Page 161 of Until the Stars Fall

He was mine. I was his.

Part of me wanted to push him back onto the bed and show him the extent of my feelings for him, but another part of me remained bruised from his earlier rejection when he’d kissed me and run. That piece of my heart—though on the mend—needed reassurance that I was truly loved not because I was his mate but because I wasme.

Looking down, I folded my hands together. Then I slipped the sapphire ring from my finger. Stepping back half a pace—lamenting even the small amount of space between us—I held my hand out with the ring resting in the center of my palm.

His eyes lowered to it but lifted back up to mine quickly, questioning me with fresh worry.

“The last time I accepted this ring, I hated you,” I said. “Now, I hate the thought of not being with you.”

“So naturally you must return it,” he said, a hint of humor in his tone.

My lips quivered as I smiled timidly. “Next time you offer it, I promise not to faint.”

His expression turned hopeful. “And you’re sure you want it back?”

As I gave him a string of small nods, he plucked the ring from my hand, pinching it between his finger and thumb. Slowly he rose to his feet, wavering slightly as he fought to find his balance before leaning over to set the ring on the bedside table.

“Matthias used to mock me for believing in mates, let alone waiting to find mine. I never admitted to him, though, that my insistence on waiting was an excuse—an excuse to avoid any connection. Because connection brought love, and in the end, love only brought sorrow.”

Swallowing hard, he continued.

“Losing my mother is killing my father. Gradually but surely, his heart is withering away without his mate, and the thought of the same happening to me—the thought of experiencing a pain infinitely worse than what I’ve already suffered with her death? It terrified me. Yet that paled in comparison to the piercing fear of watching you being dragged away to the gallows that night. As though the stars themselves had burst within my chest, and I hated it. I hated that I needed to protect you, hated how I wanted to save you, hated that I didn’t understand it at all.”

He paused to brush his hand along my jaw and tuck my hair behind my ear. Trailing his fingers down my arm, he clasped my hand tightly in his.
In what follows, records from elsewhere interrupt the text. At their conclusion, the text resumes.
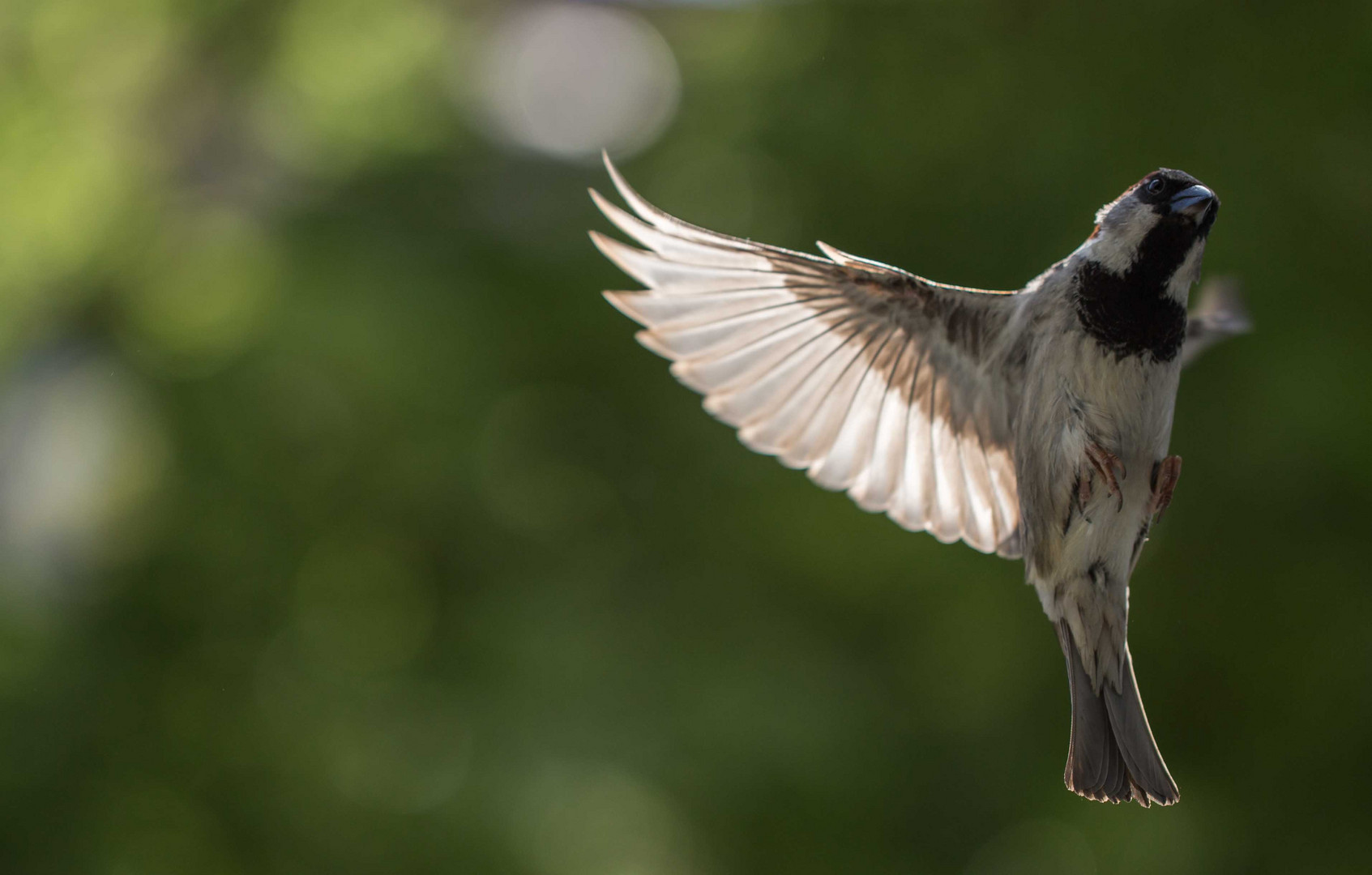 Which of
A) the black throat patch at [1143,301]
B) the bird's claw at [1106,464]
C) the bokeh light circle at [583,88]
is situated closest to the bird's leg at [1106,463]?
the bird's claw at [1106,464]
“Now I know it was the stars. They knew before I did. They pulled my heart toward you before I even knew what was happening. But I need you to know, Sapphire, that my heart was yours before our lips ever met. And even if the stars had chosen differently, I would have bound my soul to yours a hundred times over to never be parted from you again. And I know that sounds absurd, because I abandoned you. I fled when I should have stayed. But I couldn’t bear for you to feel obligated to choose me. I needed to know you loved me not because you had to but because you wanted to. And I was deathly afraid you never could.”
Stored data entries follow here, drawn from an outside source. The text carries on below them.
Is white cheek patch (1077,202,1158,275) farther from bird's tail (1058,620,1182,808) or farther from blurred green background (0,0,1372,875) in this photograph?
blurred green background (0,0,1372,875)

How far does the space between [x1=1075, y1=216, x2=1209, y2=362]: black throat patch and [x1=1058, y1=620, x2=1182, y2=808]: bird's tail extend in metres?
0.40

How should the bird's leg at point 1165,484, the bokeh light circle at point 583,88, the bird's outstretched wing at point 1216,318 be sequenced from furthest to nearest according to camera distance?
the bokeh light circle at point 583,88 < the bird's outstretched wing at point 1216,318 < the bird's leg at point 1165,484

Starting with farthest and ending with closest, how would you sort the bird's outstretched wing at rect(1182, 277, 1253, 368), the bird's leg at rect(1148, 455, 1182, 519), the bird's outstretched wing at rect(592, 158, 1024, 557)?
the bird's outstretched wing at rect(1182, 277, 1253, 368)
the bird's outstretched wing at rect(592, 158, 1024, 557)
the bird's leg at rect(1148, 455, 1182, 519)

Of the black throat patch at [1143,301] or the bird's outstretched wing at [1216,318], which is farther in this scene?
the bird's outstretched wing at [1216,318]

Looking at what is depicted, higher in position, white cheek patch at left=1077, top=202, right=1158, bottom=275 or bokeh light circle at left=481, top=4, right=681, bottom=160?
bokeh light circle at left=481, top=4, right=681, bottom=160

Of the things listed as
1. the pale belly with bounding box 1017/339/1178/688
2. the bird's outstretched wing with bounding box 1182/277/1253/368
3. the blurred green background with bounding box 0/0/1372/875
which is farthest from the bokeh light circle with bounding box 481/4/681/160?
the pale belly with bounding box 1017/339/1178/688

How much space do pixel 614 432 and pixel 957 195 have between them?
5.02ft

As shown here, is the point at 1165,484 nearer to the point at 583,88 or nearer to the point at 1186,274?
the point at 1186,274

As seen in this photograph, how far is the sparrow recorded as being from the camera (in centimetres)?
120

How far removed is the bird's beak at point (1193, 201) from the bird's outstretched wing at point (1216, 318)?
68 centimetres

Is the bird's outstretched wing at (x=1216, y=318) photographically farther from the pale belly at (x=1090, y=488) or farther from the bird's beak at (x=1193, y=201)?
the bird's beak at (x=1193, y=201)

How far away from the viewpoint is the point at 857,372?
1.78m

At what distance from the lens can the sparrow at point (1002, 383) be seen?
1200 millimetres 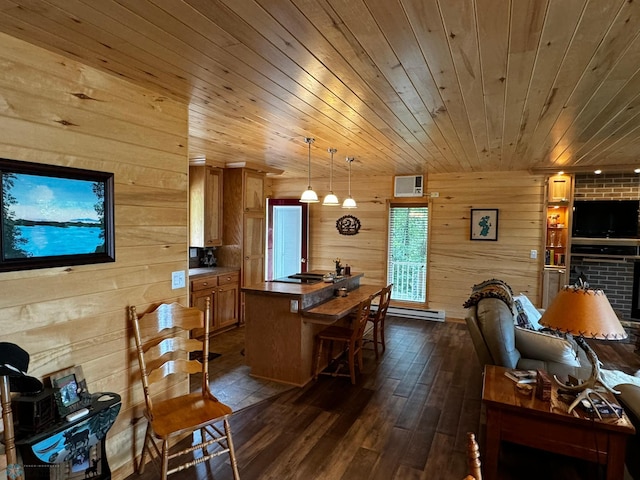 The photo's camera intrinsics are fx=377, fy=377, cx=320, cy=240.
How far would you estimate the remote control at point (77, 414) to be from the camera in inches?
70.0

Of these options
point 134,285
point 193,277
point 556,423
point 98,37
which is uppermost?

My heart soared. Blinking away my tears, I reached for him, cupping his face in my hands. Rising onto my toes, I pressed my lips to his. He tasted of unwavering devotion and fearful desire, as if he still doubted my love for him.

And then I realized. I’d never told him.

Reluctantly I pulled away just enough to search his eyes.
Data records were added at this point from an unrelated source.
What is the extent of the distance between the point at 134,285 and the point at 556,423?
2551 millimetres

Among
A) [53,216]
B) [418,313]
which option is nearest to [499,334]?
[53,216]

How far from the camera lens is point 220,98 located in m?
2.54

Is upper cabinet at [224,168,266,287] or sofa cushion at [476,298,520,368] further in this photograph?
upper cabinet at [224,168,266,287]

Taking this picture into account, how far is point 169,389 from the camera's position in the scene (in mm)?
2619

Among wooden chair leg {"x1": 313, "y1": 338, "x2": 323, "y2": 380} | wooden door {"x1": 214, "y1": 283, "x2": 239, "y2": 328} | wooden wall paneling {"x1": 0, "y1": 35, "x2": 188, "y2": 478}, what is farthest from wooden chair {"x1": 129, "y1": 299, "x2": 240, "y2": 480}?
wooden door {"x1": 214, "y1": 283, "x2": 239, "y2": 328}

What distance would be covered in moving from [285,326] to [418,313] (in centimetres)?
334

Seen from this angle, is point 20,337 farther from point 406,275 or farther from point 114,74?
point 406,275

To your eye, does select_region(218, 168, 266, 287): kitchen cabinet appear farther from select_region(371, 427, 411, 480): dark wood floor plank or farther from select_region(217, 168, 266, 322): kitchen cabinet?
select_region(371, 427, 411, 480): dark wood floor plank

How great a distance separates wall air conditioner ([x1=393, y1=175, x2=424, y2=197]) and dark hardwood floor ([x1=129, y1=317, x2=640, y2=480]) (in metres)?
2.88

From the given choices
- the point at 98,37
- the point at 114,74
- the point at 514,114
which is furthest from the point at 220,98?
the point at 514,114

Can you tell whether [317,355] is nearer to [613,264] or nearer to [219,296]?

“I so wanted you to find your mate because”—I paused to breathe through the new batch of tears that threatened to make my words impossible—“because you deserve a love written in the heavens. I feared I couldn’t give you the kind of love you’re worthy of, but stars, I hoped you would have me, mate or not. Then you ran, you avoided me, and my mind taunted me in my dreams, giving me glimpses and tastes of what we could be.”

“Those were some delicious glimpses,” Connor interrupted, smirking.

“I thought that was all I’d ever have of you, and I tried to be content with that.”

“But it was real,” he reminded me. “You’re mine, Sapphire.”

My core heated as the blissful memories sparked a new aching desire.

“I’m yours,” I said, repeating what he’d said in that blessed dream when he’d claimed me wholly for himself.

“Forever and beyond,” he whispered, pulling me to him. He lifted me effortlessly, and I wrapped my legs around his waist as I pressed my lips to his, kissing him hungrily, desperately.

I needed him. All of him.

As if he could hear my thoughts, Connor whirled around and lowered me onto his bed so that he hovered over me. A wicked grin spread across his lips, and desire flared in his eyes. “I finally got you on your back.”

“Shut up and kiss me,” I said, but he didn’t move except to raise a brow.

“Where?”

The rough need in his voice sent a flash of pinpricks over every inch of me.

“Anywhere,” I whispered huskily. “Everywhere.”